ECLI:NL:RVS:2021:1868
Raad van State
- Voorlopige voorziening
- Rechtspraak.nl
Voorlopige voorziening in vreemdelingenzaak betreffende uitstel van vertrek
In deze zaak heeft de voorzieningenrechter van de Afdeling bestuursrechtspraak van de Raad van State op 20 augustus 2021 uitspraak gedaan over een verzoek om een voorlopige voorziening. De vreemdeling had eerder een aanvraag ingediend bij de staatssecretaris van Justitie en Veiligheid om uitstel van vertrek te verlenen op basis van artikel 64 van de Vreemdelingenwet 2000. Deze aanvraag werd op 13 november 2020 afgewezen. De vreemdeling maakte bezwaar tegen deze afwijzing, maar dit bezwaar werd op 4 januari 2021 ongegrond verklaard. Vervolgens heeft de rechtbank Den Haag, zittingsplaats Groningen, op 28 juni 2021 het beroep van de vreemdeling tegen deze beslissing eveneens ongegrond verklaard. Hierop heeft de vreemdeling hoger beroep ingesteld en verzocht om een voorlopige voorziening.
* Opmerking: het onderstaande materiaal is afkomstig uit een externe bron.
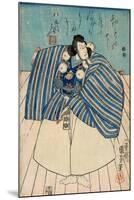 Actor Ichikawa Danjuro Viii-Kuniyoshi Utagawa-Mounted Giclee Print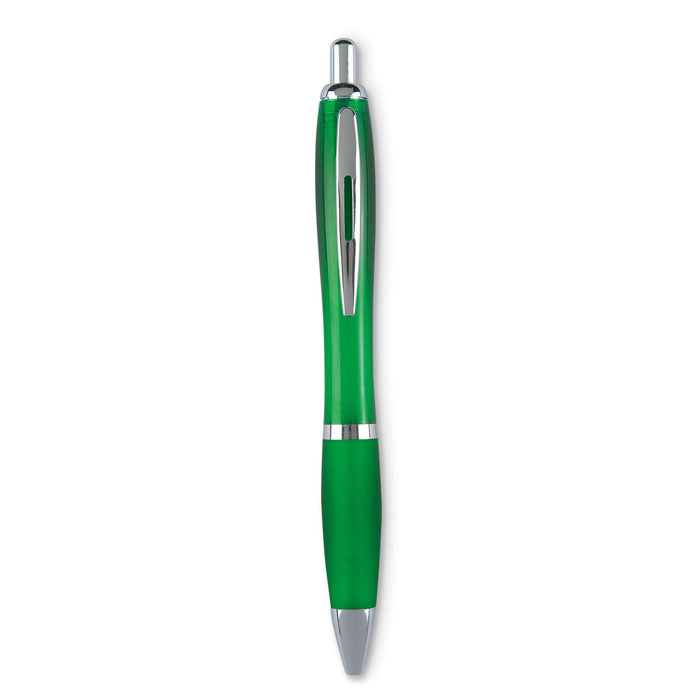 RIOCOLOUR Riocolor Kugelschreiber – Transparent Grün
De voorzieningenrechter heeft overwogen dat de vreemdeling verzocht heeft om te bepalen dat de op korte termijn voorziene beëindiging van de opvang achterwege blijft. Aangezien de noodzakelijke stukken voor de beoordeling van het hoger beroep nog niet waren ontvangen, heeft de voorzieningenrechter besloten om bij wijze van ordemaatregel een voorlopige voorziening te treffen. De voorzieningenrechter heeft bepaald dat de staatssecretaris de proceskosten moet vergoeden, die in dit geval € 748,00 bedragen, geheel toe te rekenen aan door een derde beroepsmatig verleende rechtsbijstand. De uitspraak is openbaar uitgesproken op 20 augustus 2021.